En septembre, deux militants de l’organisation écologiste Mother Nature ont été arrêtés alors qu’ils filmaient des bateaux de dragage de sable au large des côtes de Kaoh Kong afin d’étayer des allégations de contrebande. Ils ont été inculpés d’incitation à des actes criminels et d’enregistrement non autorisé.

Homicides illégaux

Le 23 mars, Oeuth Ang a été condamné à la réclusion à perpétuité après que le tribunal de première instance de Phnom Penh l’eut déclaré coupable du meurtre, en 2016, de l’influent analyste politique Kem Ley. Son procès n’a duré qu’une demi-journée. Les autorités n’ont pas répondu aux appels en faveur d’une enquête effective, indépendante et impartiale sur le meurtre de Kem Ley.

Droits des femmes

Le Cambodge n’a pas remis son rapport, attendu en octobre, sur la mise en œuvre des recommandations formulées en 2013 par le Comité pour l’élimination de la discrimination à l’égard des femmes [ONU], ni transmis les informations demandées sur les violences sexuelles et liées au genre – en particulier sur les réparations et la protection des victimes. Les femmes restaient sous-représentées dans la vie politique. Bien que le nombre de femmes élues à la tête d’une commune ait augmenté avec le scrutin local de 2017, le nombre total de femmes siégeant dans les conseils municipaux a diminué.

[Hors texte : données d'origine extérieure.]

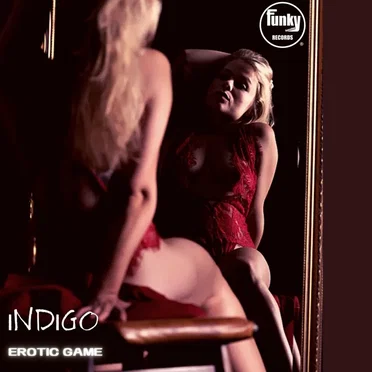 Erotic Game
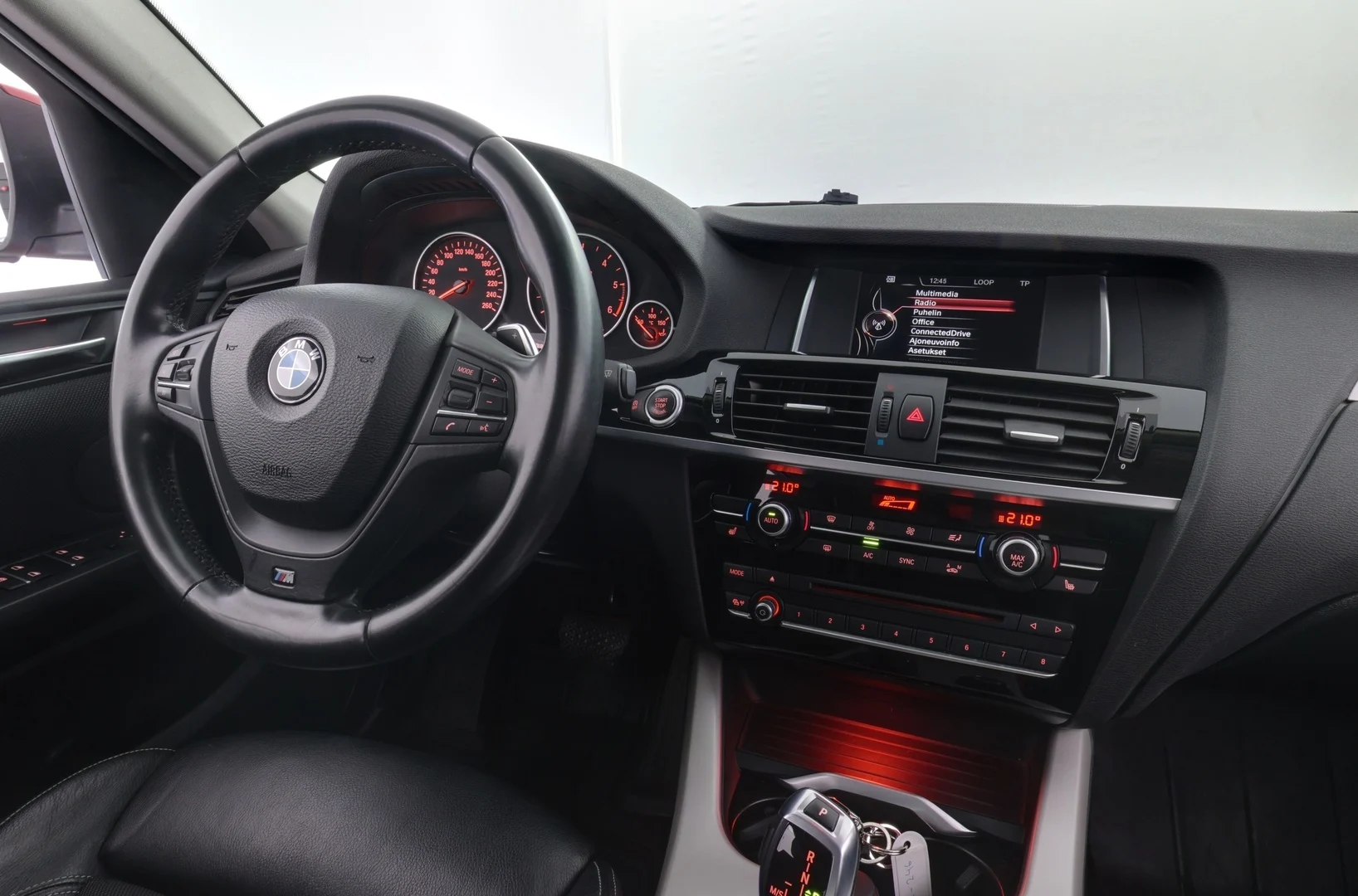 Car Image - 30XB3VVtP9wPeDobUBkx4A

Droits en matière de logement et expulsions forcées

La saisie de terres, les concessions foncières allouées à des opérateurs privés à des fins agro-industrielles et les grands projets de développement continuaient d’avoir des répercussions sur le droit à un logement décent dans le pays. Un rapport publié en janvier par le ministère de l’Aménagement du territoire a fait état d’une augmentation du nombre de plaintes déposées pour des litiges fonciers en 2016, par rapport à l’année précédente. Les travaux du barrage hydroélectrique Lower Sesan II, dans la province de Stœng Treng (nord-est du pays), se sont poursuivis. Les populations indigènes qui refusaient de quitter leurs terres ancestrales étaient exposées à une réinstallation forcée, et les communautés ayant accepté d’être déplacées ont été installées sur des sites ne répondant pas aux normes de base et touchés par des inondations.

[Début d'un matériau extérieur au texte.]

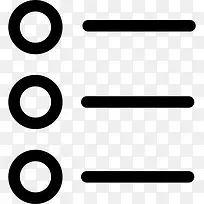 ��ͼ��-������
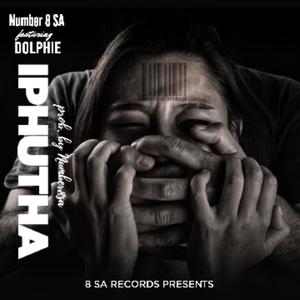 Iphutha (feat. Dolphie)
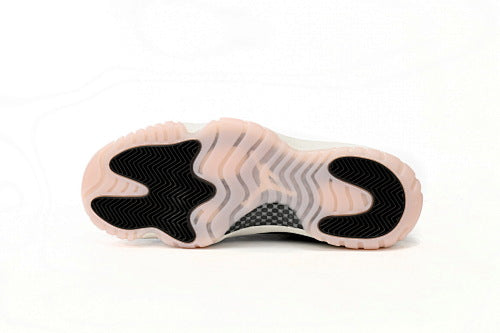 Nike Air Jordan 11 Sneakers Breathable, cushioned, comfortable, and non-slip basketball shoes for men and women.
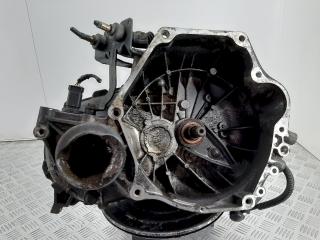 КПП механическая (МКПП) Chrysler PT Cruiser 1 поколение 2001, 2.0 л., i, бензин, P04668776AD
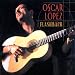 Guitarras From Heaven at Amazon mp3: 51ROnd%2BHOPL._SL75_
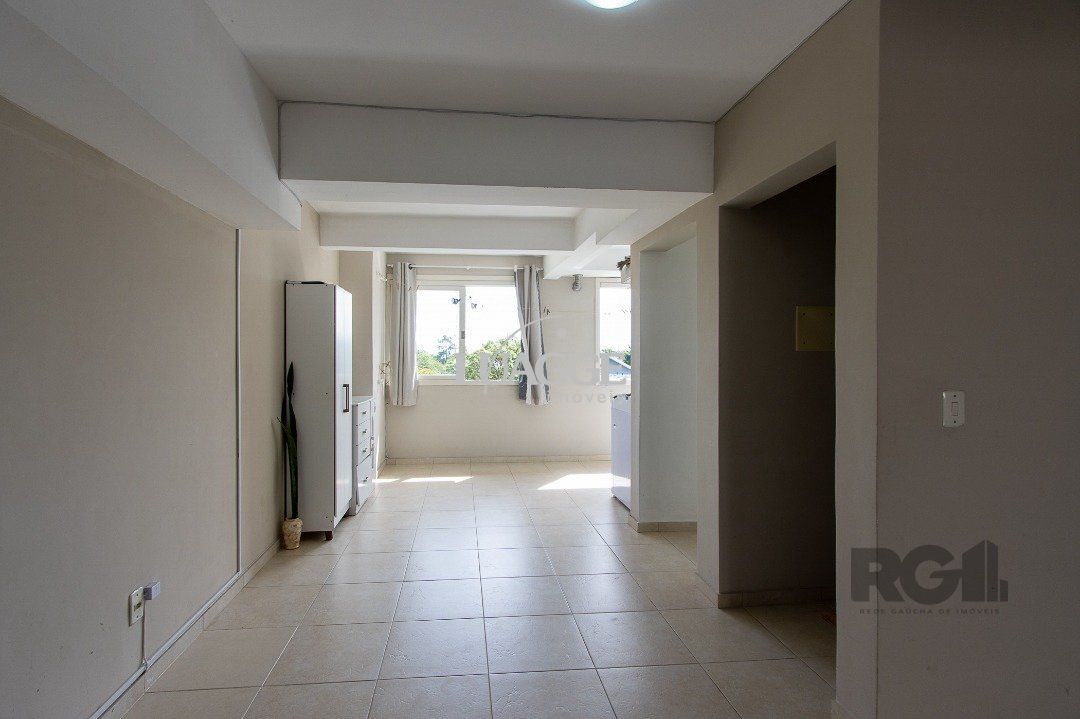 Casa à venda com 3 quartos, 155m² - Foto 34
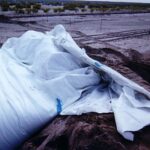 Holbrook, AZ 2002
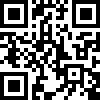 https://ibna.ir/x6tyB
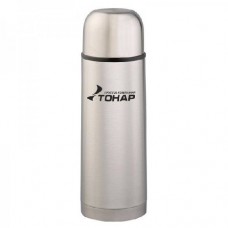 Термос Helios 0.75 л (HS.TM-015)
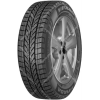 Fulda CONVEO TRAC 3 215/70 R15 109S TL C M+S 3PMSF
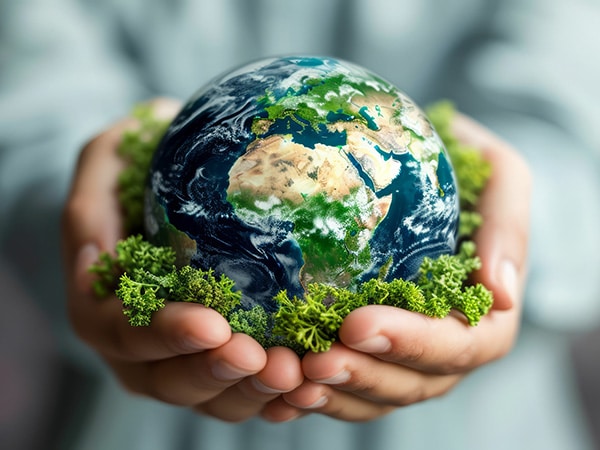 Oxitech-srl-anodizzazione-alluminio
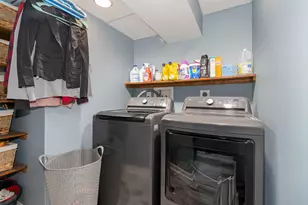 1875 Barnes Rd, Williamstown, KY 41097 - Photo 24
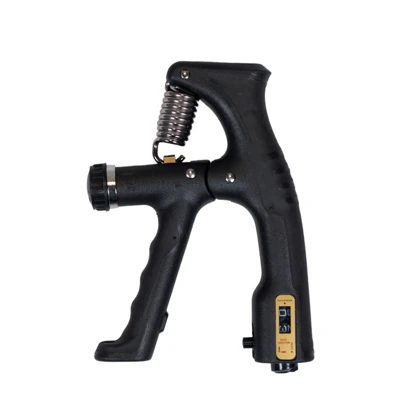 قیچی مچی گلدن استار کد 8630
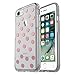 OTTERBOX Symmetry Clear Series Case for iPhone SE (2nd gen - 2020) and iPhone 8/7 (NOT Plus) - Retail Packaging - Save Me a Spot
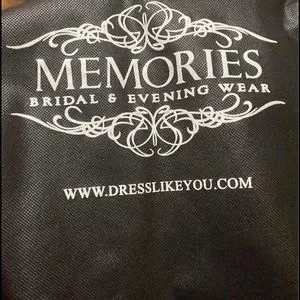 memories bridal and evening wear Dresses Prom Dress Homecoming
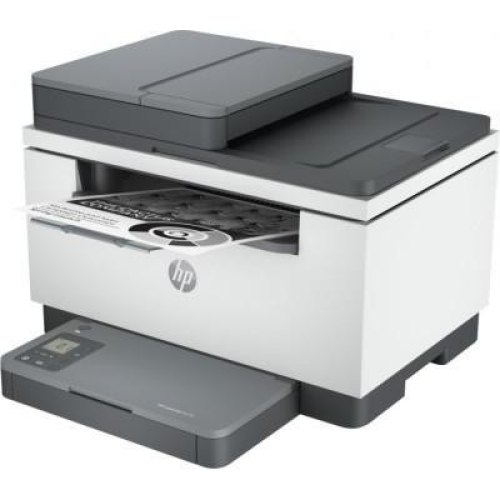 Принтер А4 HP LaserJet M236sdn (9YG08A)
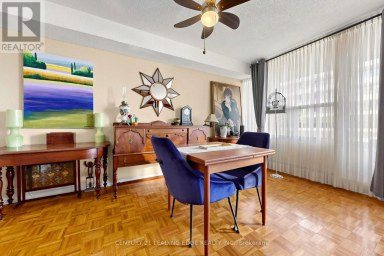 429 - 50 RICHMOND STREET E Oshawa (O'Neill) Ontario photo 15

Personnes réfugiées ou demandeuses d’asile

Le gouvernement a rejeté 29 demandes de reconnaissance du statut de réfugié déposées par des demandeurs d’asile montagnards du Viêt-Nam, qui risquaient d’être expulsés. Le Haut-Commissariat des Nations unies pour les réfugiés a déclaré qu’ils avaient des raisons légitimes de demander l’asile. Ils étaient toujours au Cambodge à la fin de l’année.

Justice internationale

En février, les co-juges d’instruction ont rendu une ordonnance conjointe de non-lieu qui a mis fin aux poursuites contre Im Chaem, dans le dossier n° 004/1, devant les Chambres extraordinaires au sein des tribunaux cambodgiens (CETC). Ils ont estimé que les CETC n’avaient pas compétence personnelle pour juger Im Chaem, car celle-ci n’appartenait « ni à la catégorie des “hauts dirigeants” ni à celle des “principaux responsables” » du régime khmer rouge.
En juin, les CETC ont clos les audiences consacrées aux réquisitions et plaidoiries finales dans le deuxième procès mené dans le cadre du dossier n° 002 concernant Nuon Chea et Khieu Samphan. La Chambre de première instance des CETC avait ordonné la disjonction des poursuites en 2011, d’où la tenue de deux procès distincts pour des chefs d’accusation différents. Nuon Chea et Khieu Samphan sont accusés de crimes contre l’humanité, de génocide et de violations graves des Conventions de Genève.